Problem description:
Please set down only the lines from the one containing "Villa Allkushi Sarandë Buitenkant foto" through the end of the entries below, exactly, minus any pictures.

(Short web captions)
= = = =

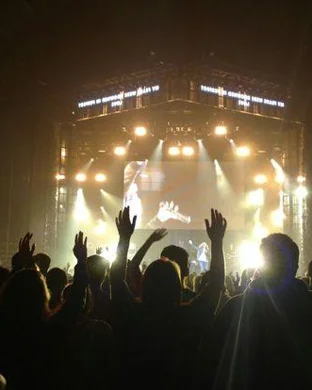 Live concert by Drew And Ellie Holcomb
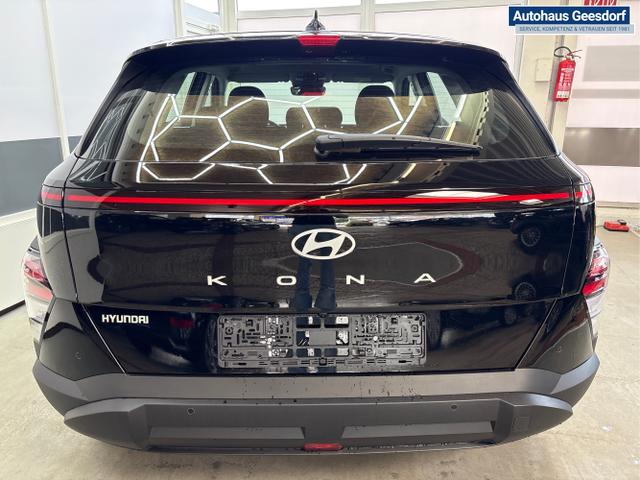 Hyundai / KONA / Schwarz / / / NAVI KLIMAAUTOMATIK PDC v+h RFK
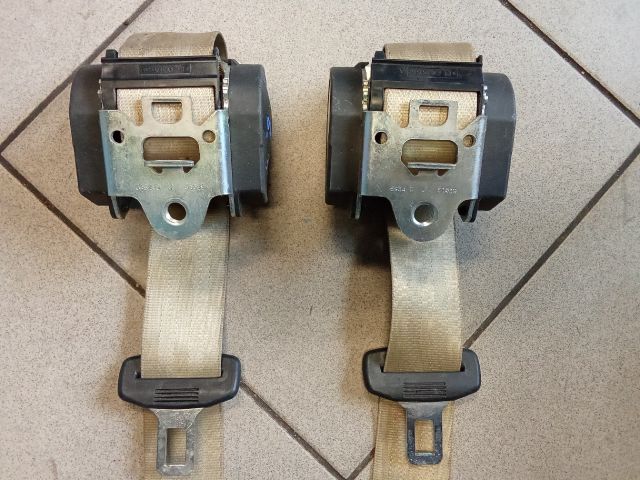 bontott AUDI A4 B6 Hátsó Biztonsági Öv Szett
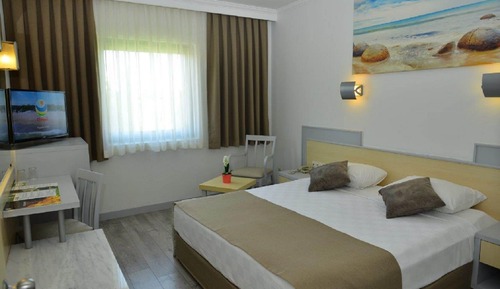 Suite superior, balcón (SLV)
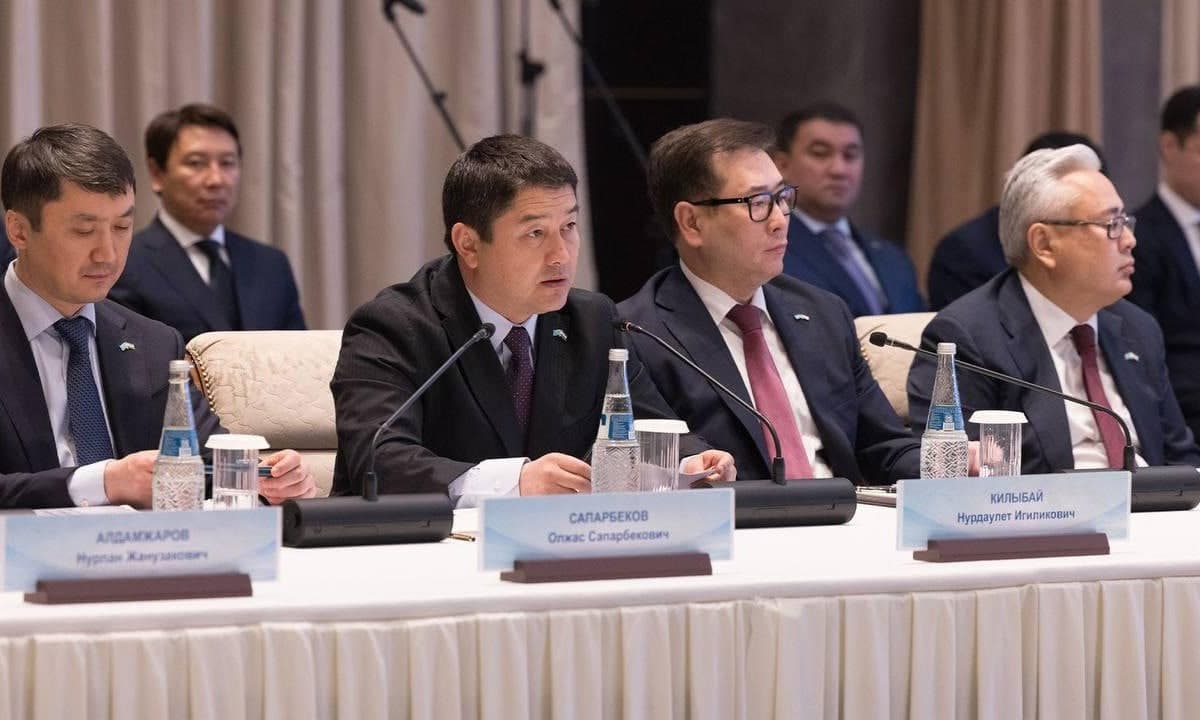 Kazakhstan proposes duty-free trade zone on border with Uzbekistan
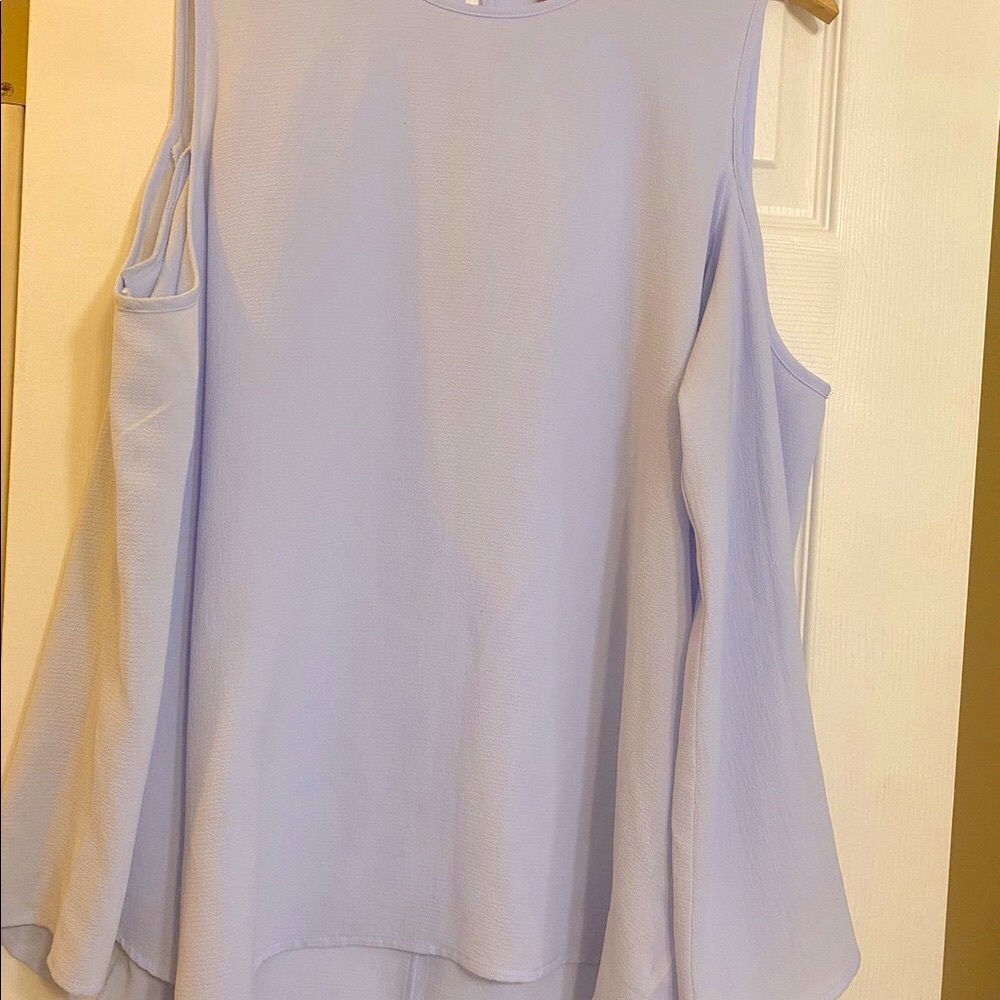 Vince Camuto Light Blue Top - Picture 2 of 8
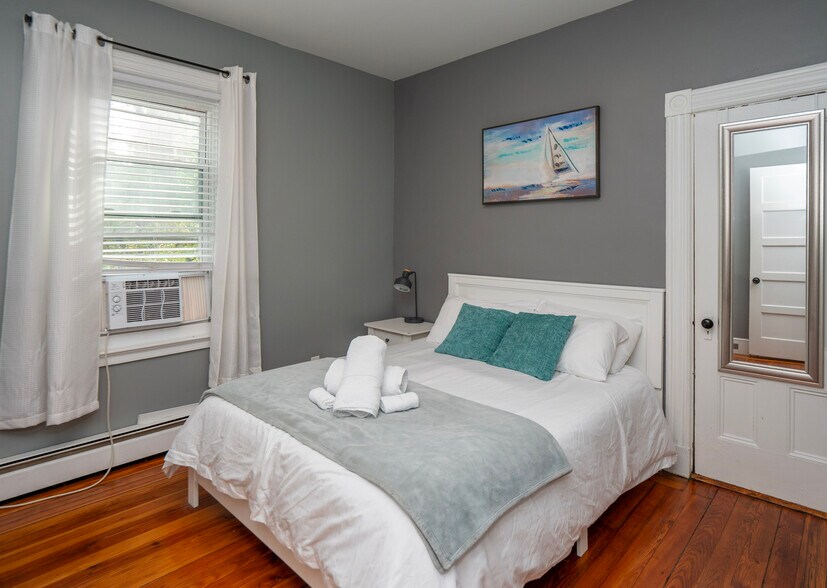 More Photos Of , Newport Multifamily For Sale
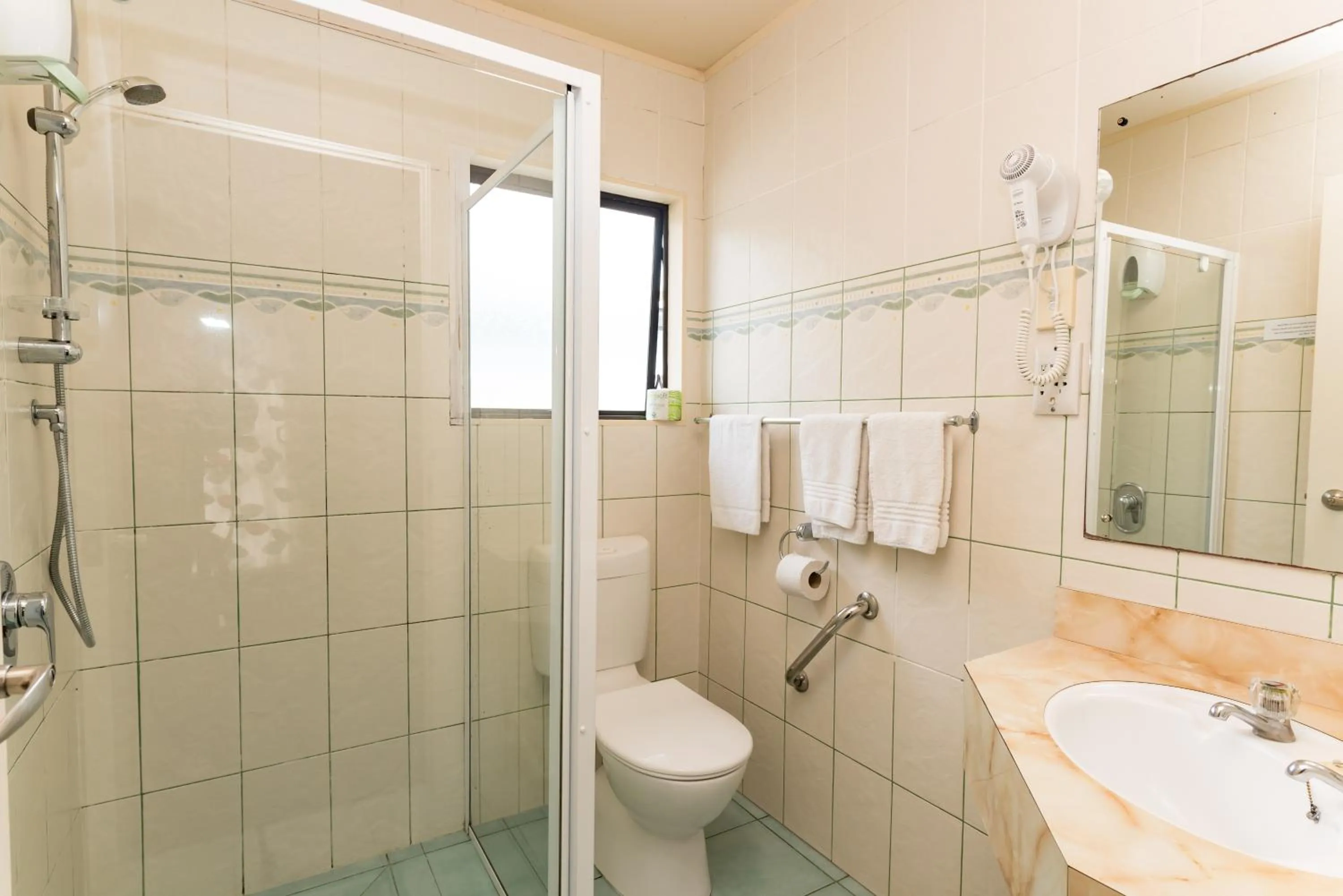 Shower in Dolphin Motel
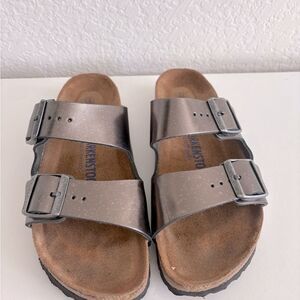 Birkenstock womBrown Sandals
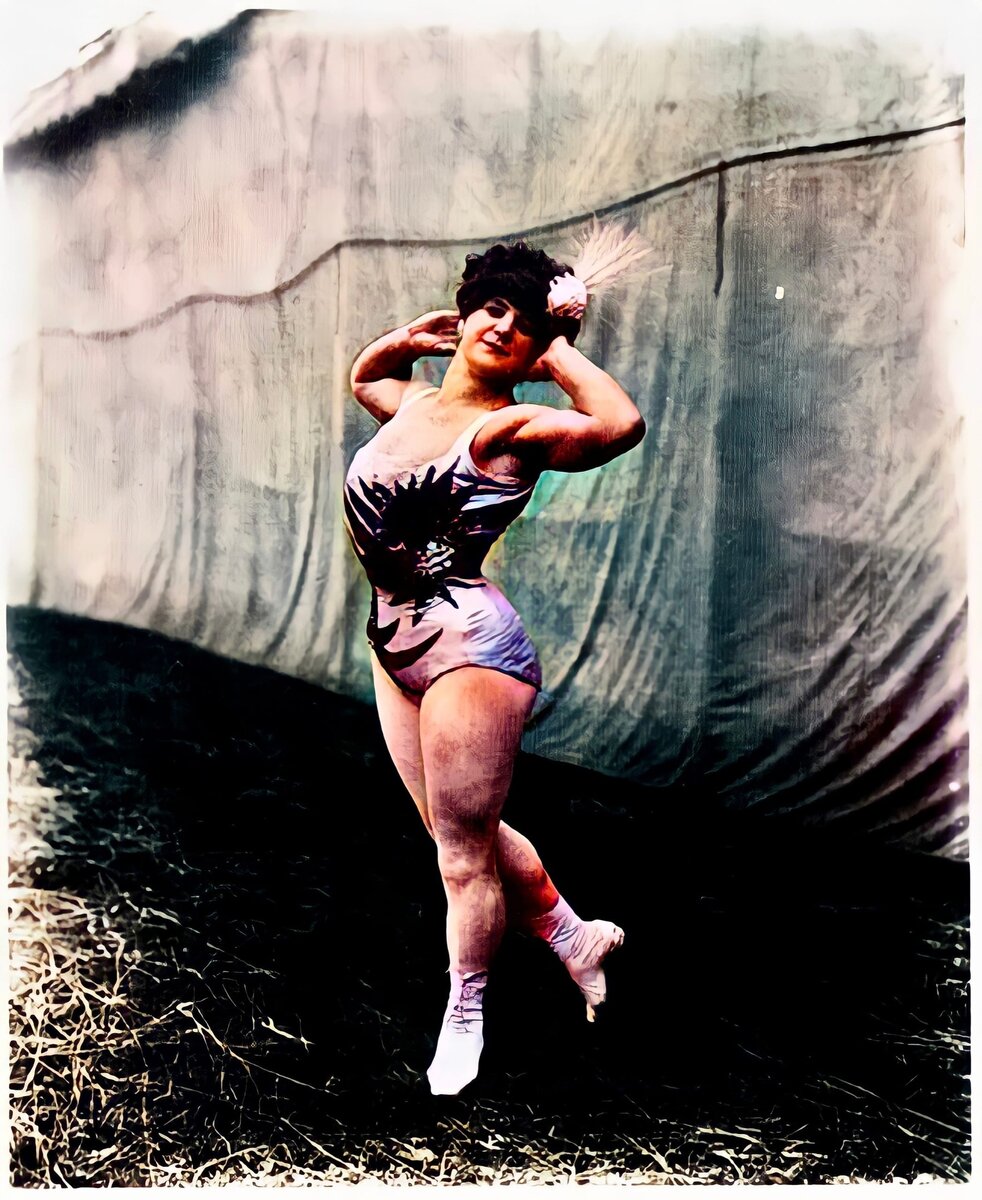 Актриса силачка. Пак бо ен. Актриса силачка. Пак бо ен. Актриса силачка.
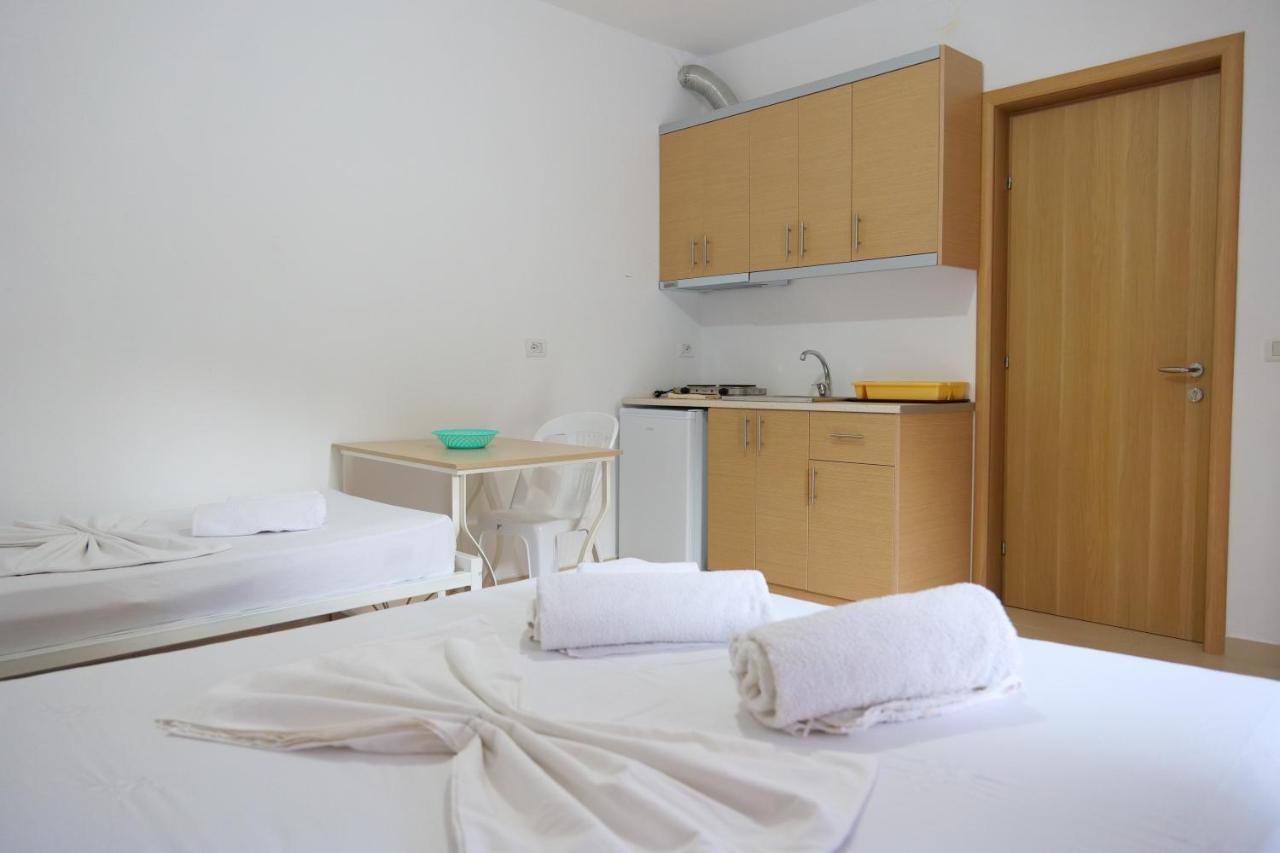 Villa Allkushi Sarandë Buitenkant foto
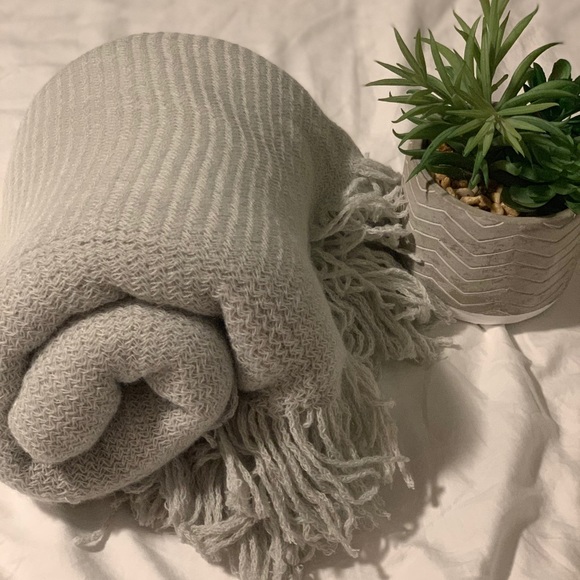 Hand knit scarf - Picture 1 of 6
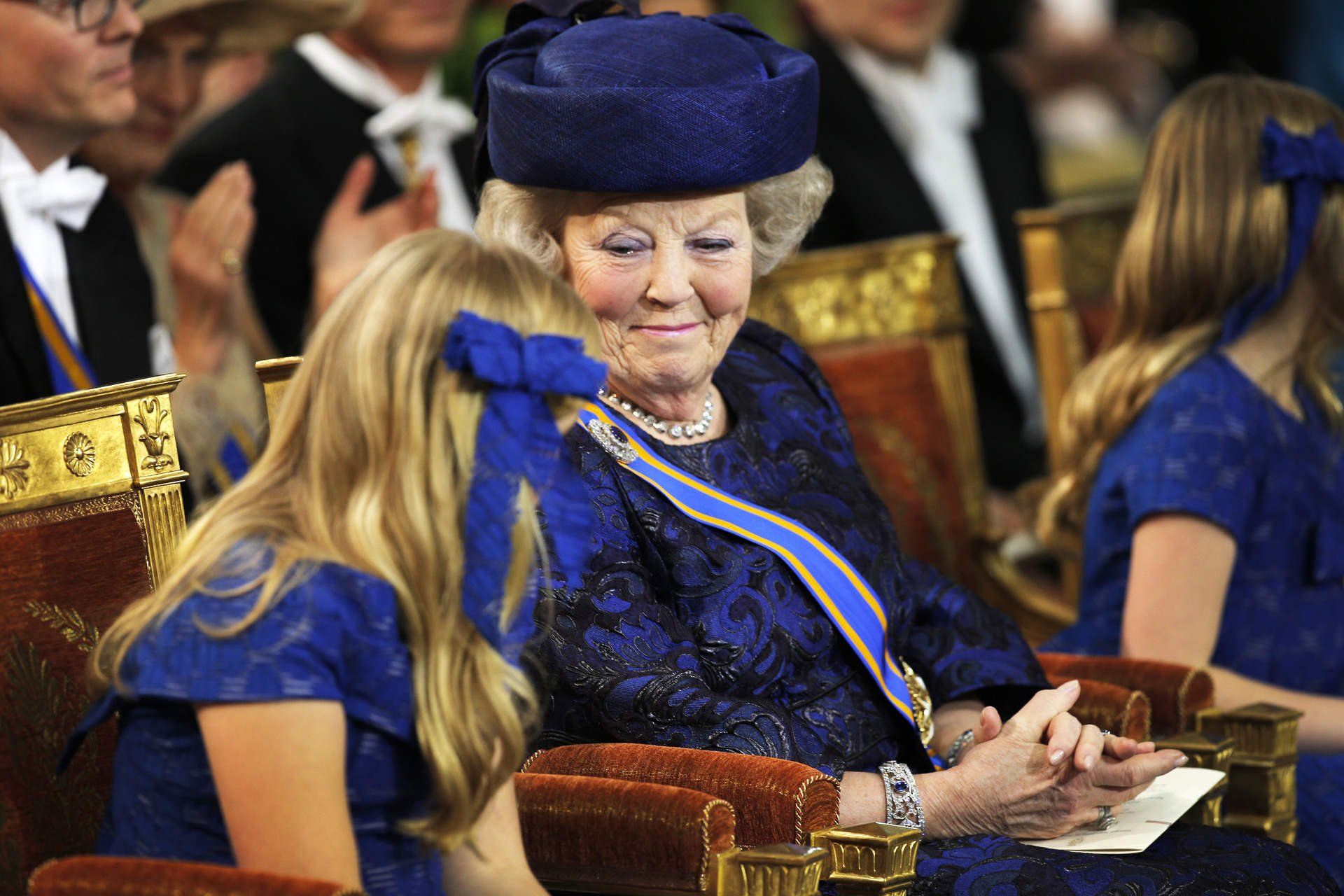 2013-Prinses-Beatrix-kijkt-naar-kroonprinses-Amalia-tijdens-de-inhuldiging-van-koning-Willem-Alexander-in-De-Nieuwe-Kerk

= = = =

Written response:
 Villa Allkushi Sarandë Buitenkant foto
 Hand knit scarf - Picture 1 of 6
 2013-Prinses-Beatrix-kijkt-naar-kroonprinses-Amalia-tijdens-de-inhuldiging-van-koning-Willem-Alexander-in-De-Nieuwe-Kerk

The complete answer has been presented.